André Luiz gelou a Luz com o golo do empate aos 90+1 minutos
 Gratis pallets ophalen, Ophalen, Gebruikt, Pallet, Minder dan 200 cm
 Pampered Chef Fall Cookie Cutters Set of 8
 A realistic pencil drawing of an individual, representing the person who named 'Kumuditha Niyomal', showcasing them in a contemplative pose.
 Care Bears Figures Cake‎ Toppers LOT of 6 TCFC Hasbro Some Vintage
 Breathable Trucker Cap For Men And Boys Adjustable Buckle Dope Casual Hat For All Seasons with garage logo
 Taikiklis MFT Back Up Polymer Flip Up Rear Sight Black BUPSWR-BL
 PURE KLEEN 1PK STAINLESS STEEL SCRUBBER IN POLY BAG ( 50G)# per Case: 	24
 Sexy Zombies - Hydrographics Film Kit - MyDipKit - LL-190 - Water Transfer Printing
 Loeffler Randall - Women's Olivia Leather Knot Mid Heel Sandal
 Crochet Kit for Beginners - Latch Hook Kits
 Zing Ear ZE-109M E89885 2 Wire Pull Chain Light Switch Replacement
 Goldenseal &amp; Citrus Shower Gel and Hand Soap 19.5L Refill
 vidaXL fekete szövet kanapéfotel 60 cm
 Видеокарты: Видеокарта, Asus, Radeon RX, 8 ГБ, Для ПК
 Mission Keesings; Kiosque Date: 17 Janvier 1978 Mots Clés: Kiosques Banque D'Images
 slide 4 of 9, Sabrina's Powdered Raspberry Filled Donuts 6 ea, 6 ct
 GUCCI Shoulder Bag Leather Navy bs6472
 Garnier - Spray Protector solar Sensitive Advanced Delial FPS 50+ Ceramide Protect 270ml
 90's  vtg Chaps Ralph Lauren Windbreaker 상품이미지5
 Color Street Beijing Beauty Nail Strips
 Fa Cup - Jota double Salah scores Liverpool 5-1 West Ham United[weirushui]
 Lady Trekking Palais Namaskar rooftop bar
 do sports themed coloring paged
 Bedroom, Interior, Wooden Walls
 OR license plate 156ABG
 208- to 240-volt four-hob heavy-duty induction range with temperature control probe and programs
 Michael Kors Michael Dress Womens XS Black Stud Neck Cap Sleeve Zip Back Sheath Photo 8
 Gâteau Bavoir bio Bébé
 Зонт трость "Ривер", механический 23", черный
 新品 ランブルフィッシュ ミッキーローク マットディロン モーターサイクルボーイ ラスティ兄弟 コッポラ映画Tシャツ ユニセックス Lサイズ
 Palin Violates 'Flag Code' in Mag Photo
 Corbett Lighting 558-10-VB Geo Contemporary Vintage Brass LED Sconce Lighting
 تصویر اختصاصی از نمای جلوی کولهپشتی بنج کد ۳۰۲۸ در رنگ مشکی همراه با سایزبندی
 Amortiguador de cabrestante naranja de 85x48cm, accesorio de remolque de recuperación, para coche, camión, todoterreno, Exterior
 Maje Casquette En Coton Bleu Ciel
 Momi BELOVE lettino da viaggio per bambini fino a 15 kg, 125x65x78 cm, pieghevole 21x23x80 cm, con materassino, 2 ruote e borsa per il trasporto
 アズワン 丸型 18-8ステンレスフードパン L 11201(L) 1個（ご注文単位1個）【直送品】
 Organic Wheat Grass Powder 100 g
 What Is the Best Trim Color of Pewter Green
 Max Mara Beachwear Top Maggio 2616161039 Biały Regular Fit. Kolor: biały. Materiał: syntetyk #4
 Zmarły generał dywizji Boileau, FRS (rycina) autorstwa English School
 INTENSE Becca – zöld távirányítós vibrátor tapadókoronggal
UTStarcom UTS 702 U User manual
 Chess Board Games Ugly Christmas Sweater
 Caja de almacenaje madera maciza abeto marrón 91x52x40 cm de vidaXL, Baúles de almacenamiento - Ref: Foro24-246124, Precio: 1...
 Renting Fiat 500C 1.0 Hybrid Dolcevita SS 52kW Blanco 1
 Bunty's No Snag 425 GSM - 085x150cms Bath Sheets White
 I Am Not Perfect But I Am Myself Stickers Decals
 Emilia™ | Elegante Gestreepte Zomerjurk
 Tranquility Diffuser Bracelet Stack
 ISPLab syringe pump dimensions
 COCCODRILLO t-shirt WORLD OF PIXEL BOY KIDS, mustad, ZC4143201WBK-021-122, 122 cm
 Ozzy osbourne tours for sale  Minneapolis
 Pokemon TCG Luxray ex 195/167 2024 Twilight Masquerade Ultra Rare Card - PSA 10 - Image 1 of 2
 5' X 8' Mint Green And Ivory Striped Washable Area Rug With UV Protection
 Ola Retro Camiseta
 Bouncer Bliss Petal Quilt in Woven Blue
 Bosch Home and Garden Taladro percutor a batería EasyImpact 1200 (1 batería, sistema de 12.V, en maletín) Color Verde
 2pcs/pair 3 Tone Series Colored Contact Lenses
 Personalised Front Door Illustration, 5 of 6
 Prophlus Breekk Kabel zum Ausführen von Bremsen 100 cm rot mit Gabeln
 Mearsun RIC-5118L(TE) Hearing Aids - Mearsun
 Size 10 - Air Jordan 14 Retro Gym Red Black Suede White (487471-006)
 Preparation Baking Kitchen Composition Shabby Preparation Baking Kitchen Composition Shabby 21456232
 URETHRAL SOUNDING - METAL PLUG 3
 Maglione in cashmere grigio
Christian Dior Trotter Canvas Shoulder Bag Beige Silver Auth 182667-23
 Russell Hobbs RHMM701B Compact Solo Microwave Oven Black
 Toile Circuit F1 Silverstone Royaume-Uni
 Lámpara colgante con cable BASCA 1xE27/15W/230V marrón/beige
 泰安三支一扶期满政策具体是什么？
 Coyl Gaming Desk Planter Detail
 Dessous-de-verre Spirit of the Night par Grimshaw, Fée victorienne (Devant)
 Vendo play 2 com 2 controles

···

Activity:
Lines containing the word "marrón" must be found in the data above and copied.

Completed exercise:
 Caja de almacenaje madera maciza abeto marrón 91x52x40 cm de vidaXL, Baúles de almacenamiento - Ref: Foro24-246124, Precio: 1...
 Lámpara colgante con cable BASCA 1xE27/15W/230V marrón/beige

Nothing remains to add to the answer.